I have a 20' GC and would not trade it for anything accept a newer Pro model. I love the boat. I was in lower Galveston this past Saturday and it was 2'-3' waves in the bay, which in any boat will be rough. The normal 10mph days are not bad at all, but everyone has a different tolerance for roughness. You will not find a better all around boat when it comes to ride, stability, shallow, and speed. Mine will do 44mph with 60gal of fuel and 3 dudes that weigh 220lbs+ with gear and beer. I would recommend it to anyone and the Gilley's are great folks. Good luck.


----------



## amazon (Dec 12, 2006)

Go down to Palacios and look at a Tran Sport before you pull the trigger. More bang for you buck, and a better designed tunnel, although my next Tran boat will not have a tunnel if I can get him to build it that way.


----------



## SKIPPER G (Mar 3, 2008)

*GC*

We can build any of our Gulf Coast without tunnel, we do have a few out there already like that. We also fill in tunnels on some older GC out there, when they guys were ready to re-power their rigs.


----------



## uncle dave (Jul 27, 2008)

I've got 2000 model 20 ft. low side which I bought new from Red Wing boat co. I've fished out of many boats since I bought my Gulf Coast and I still prefer the GC. It is a very roomy fishable and comfortable boat.


----------



## SKIPPER G (Mar 3, 2008)

*thanks*

Thanks you Uncle Dave, Hope to see you next year at out 12 annual fishing tournment in the fall of 2010. Going back to the fall months again, its just too windy in May.


----------



## Bocephus (May 30, 2008)

Does anyone have any pics of the new cat they can post ????


----------



## SKIPPER G (Mar 3, 2008)

*Bay-Kat*

*Yes go to our web-site www.gulfcoastboats.net and we have some picture posted. If you like you can e-mail me and I'll send more to you.*
*S. Gilley*


----------



## THEPISTONHEAD (May 7, 2009)

Best all around boat for down here in Corpus IMO! They dont get enough credit for there shallow capabilities IMO. Now that they have started making more color options they are on my list when I purchase in the fall.

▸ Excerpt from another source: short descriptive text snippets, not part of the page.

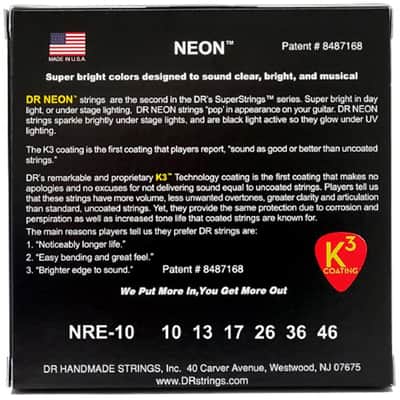 Hi-Def Neon Red Medium 10-46 DR Strings image 2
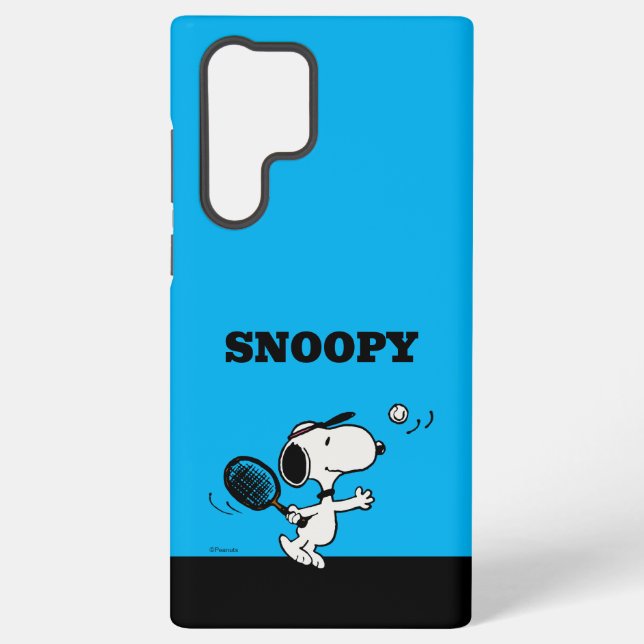 Coque Samsung Galaxy cacahuètes | Snoopy Joue Au Tennis (Verso)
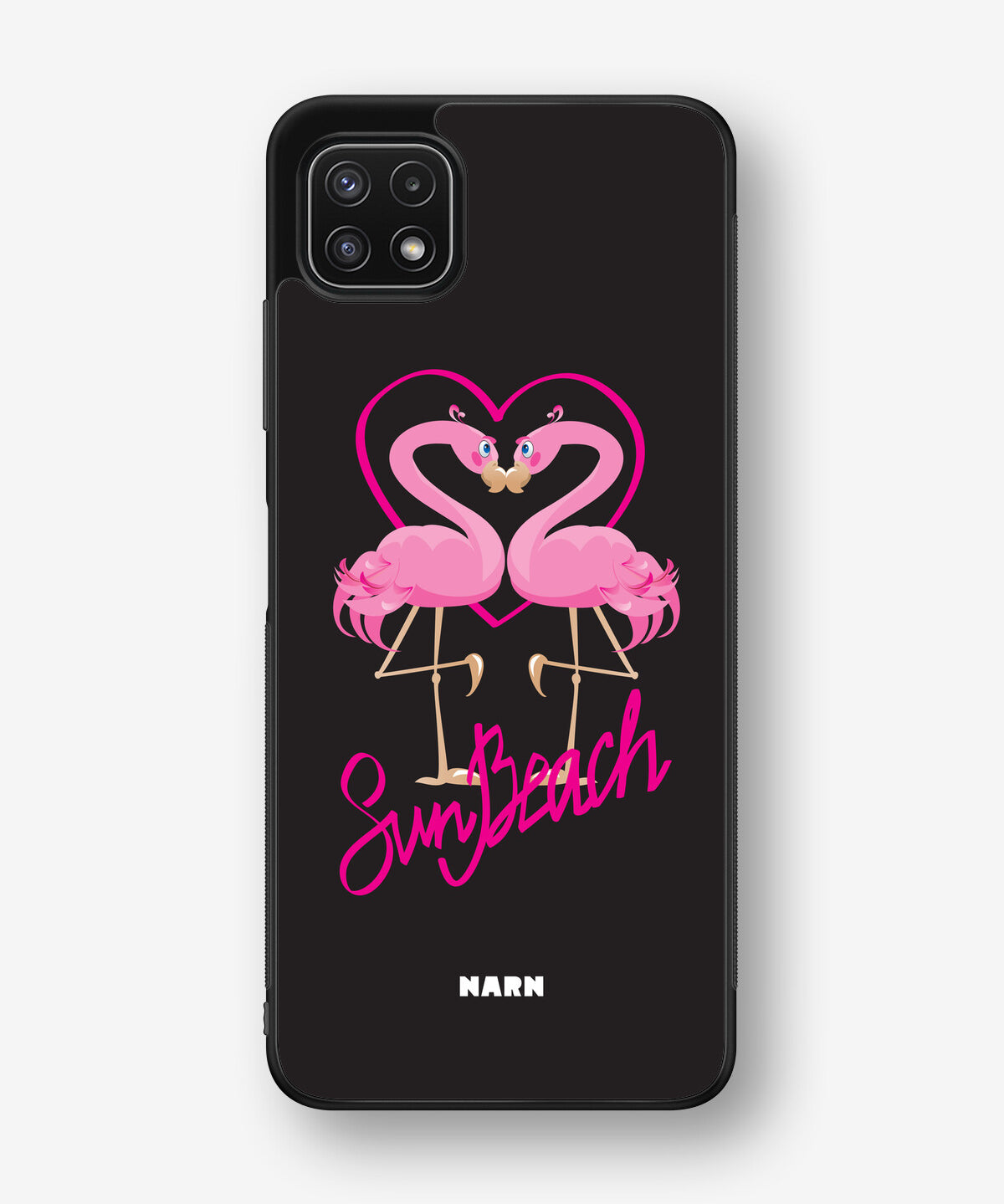 Samsung Galaxy A22 5G Hard Case – Beach Flamingo - View 1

The layout, storage etc is excellent.....very roomy and dry!


----------



## Skiff (Jun 5, 2004)

*Skipper*

How does the 20HS perform vs. the 20ls? I'm guessing no difference other than catching wind while drifting, but I've never read anything comparing the two.


----------



## Sponge (Jun 22, 2004)

Same hull just higher sides which adds a couple hundred more lbs to the HS.



Skiff said:


> How does the 20HS perform vs. the 20ls? I'm guessing no difference other than catching wind while drifting, but I've never read anything comparing the two.


----------



## SmackDown73 (Jul 20, 2009)

I have a 2009 200 Pro with a 150HO e-tec and I love the boat.Runs about 45 loaded,smooth dry ride,and will run shallow.With the e-tec you better be holding on when you come out of the hole.Good alround boat.I love the rod lockers,and the large front deck with the cooler in the hull.


----------



## GulfCoast 23 FISH ON (May 19, 2009)

I bought a 23ft Pro V.S in April of this year. I have an E-tec 200 H.O that runs about 46 to 49 depends on the water . It has a huge front deck and love the pole storage under it. I have it with a 8ft power pole, 6 inch Bob's jack plate and a 101lb minn kotta / remote. The boat can handle some rough chop easy but planning to get trim tabbs soon as well as a T-Top. If you look at my page on here I have a Picture of it . Worth every penny!


----------